▸ Your task: Find the line below with "2022 Acura MDX Type S SH-AWD - 22931397 - 46" and the line with "Florian von Heintze Religion und Glaube". Output exactly those lines and everything between them, leaving out the pictures.

▸ Records for the exercise:
Content starts

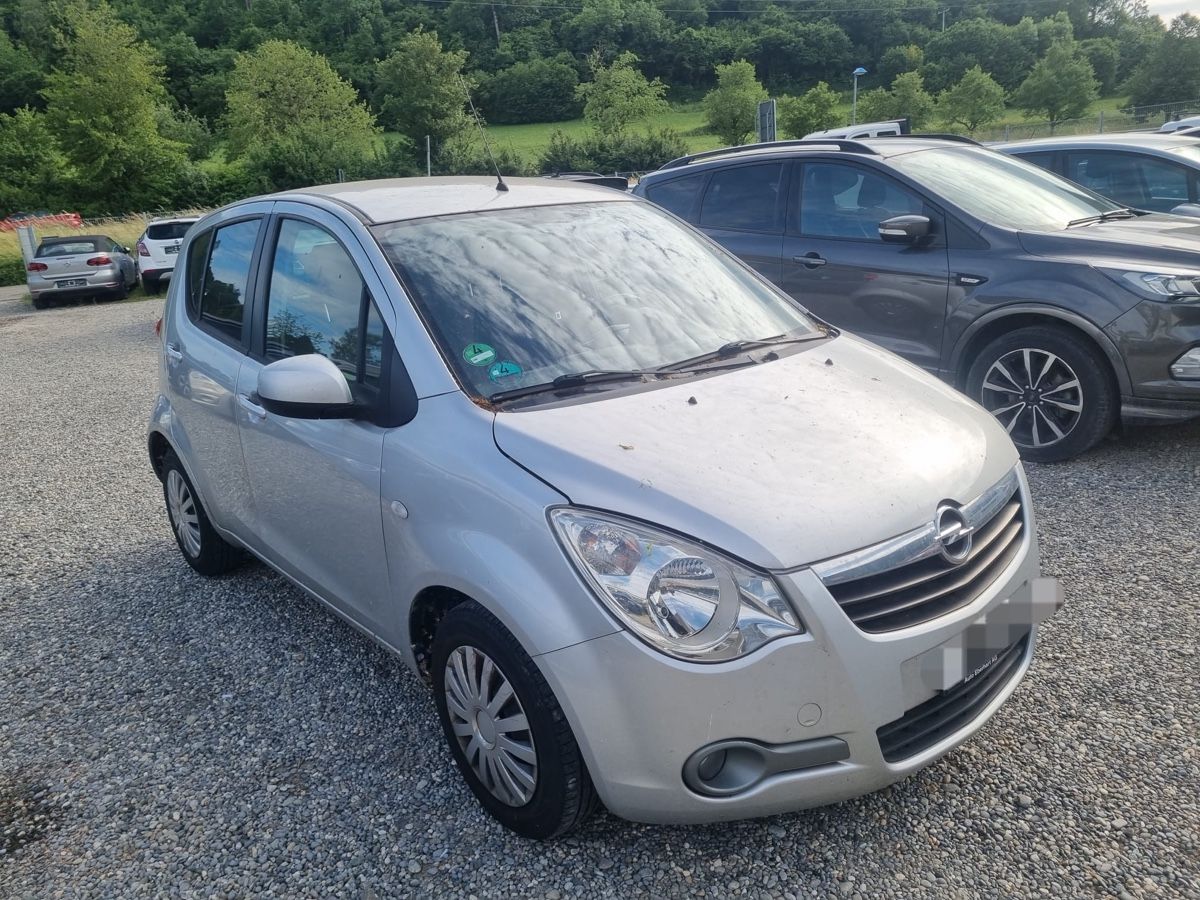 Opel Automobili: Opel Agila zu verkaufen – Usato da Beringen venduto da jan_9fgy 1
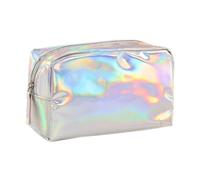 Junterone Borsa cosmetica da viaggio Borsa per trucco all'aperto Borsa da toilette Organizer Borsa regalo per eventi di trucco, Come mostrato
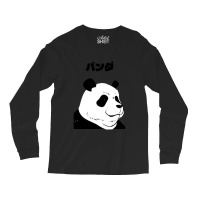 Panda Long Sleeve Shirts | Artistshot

Content ends
Content starts

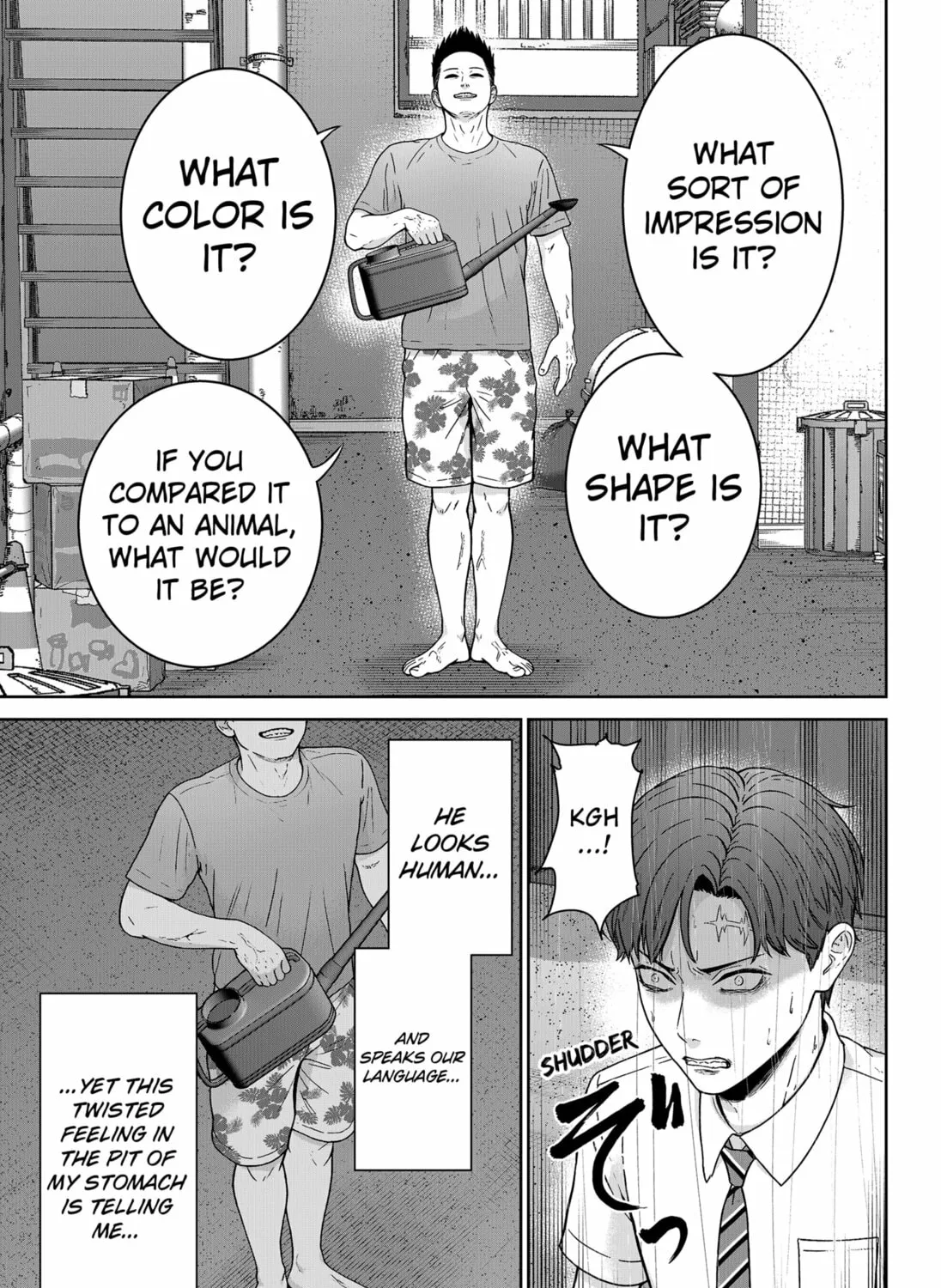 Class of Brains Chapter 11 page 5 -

Content ends
Content starts

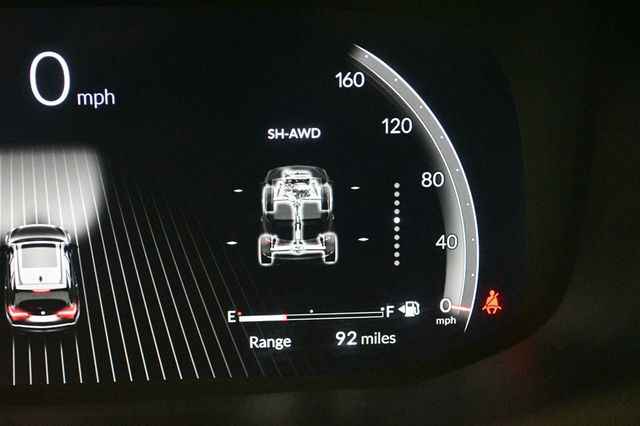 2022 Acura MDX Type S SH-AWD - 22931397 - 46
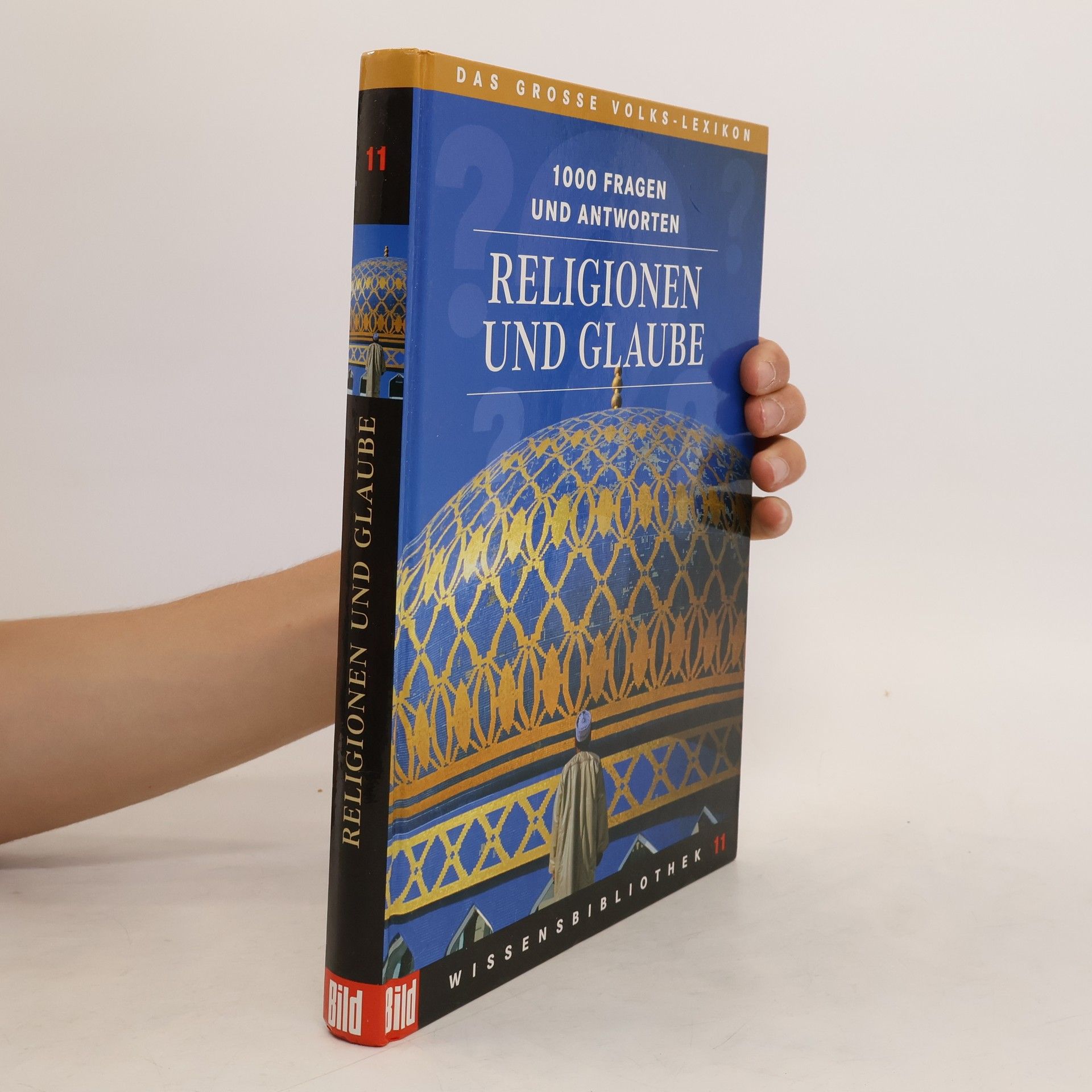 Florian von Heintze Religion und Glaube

Content ends

▸ Exercise answer:
 2022 Acura MDX Type S SH-AWD - 22931397 - 46
 Florian von Heintze Religion und Glaube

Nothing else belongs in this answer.